I call the pause defeasible (not to belabor the point) because the sense one has is not only that the reader is asked to invest it with a meaning, to "fill in the blank" and finish (or continue) the poem, but also the creepy feeling the poet herself lies behind it all, guarding the curtain. "That is not what I meant at all. That is not it, at all," the poet of the defeasible pause says to us whenever we produce a reading that makes the poem ridiculous, or pretentious -- and such readings, when it comes to the defeasible pause, are in abundance. No exception here, where the phrase (and context) itself seems clipped from a Chick Lit novel ("There's no way through that," she said to herself in the taxi home from the party, as Richard's incapacity for emotional intimacy became clear.)

Indeed, the defeasible pause is, in the end, a pause that never actually means; such a creature exists in limbo, a kind of negative theology.
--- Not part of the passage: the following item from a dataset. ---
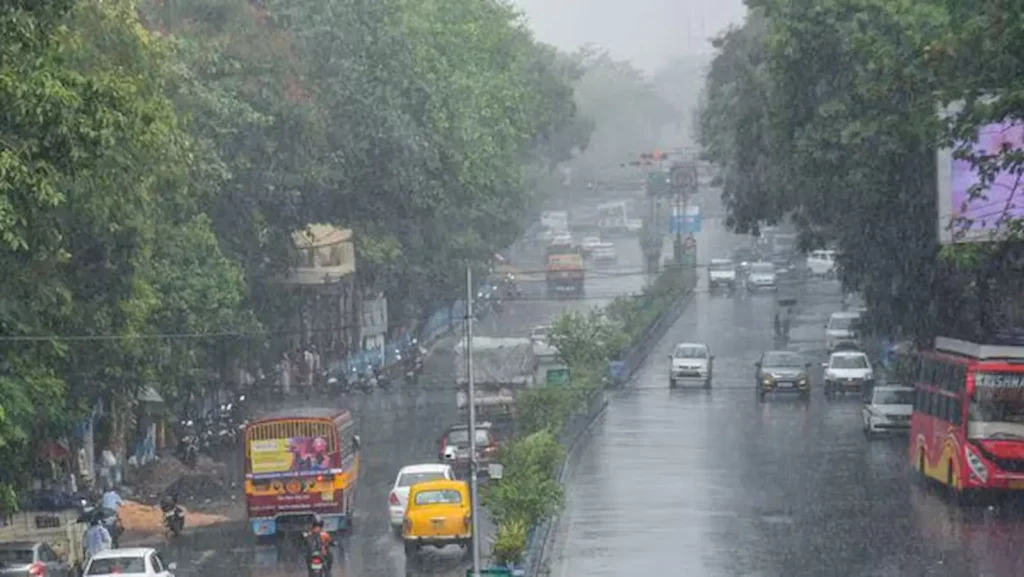 Latest News: TG Rains – తెలంగాణలో నేటి నుంచి నాలుగు రోజుల పాటు వర్షాలు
It means everything and nothing; its true purpose is to generate an aura of depth, of beyond-language, to attach to the poet. At best, it's a gnomic utterance for the psychoanalyist to unpack over the course of therapy -- but you'd struggle to find it in the Confessionals, who were all too frustrated with totemic personal touchstones to drag them into the Dream Songs. I've written critically of the 20th century commonplace "end on an image and don't explain", a suggestion from I believe Richard Hugo's Triggering Town; here we don't end on an image but rather a sigh.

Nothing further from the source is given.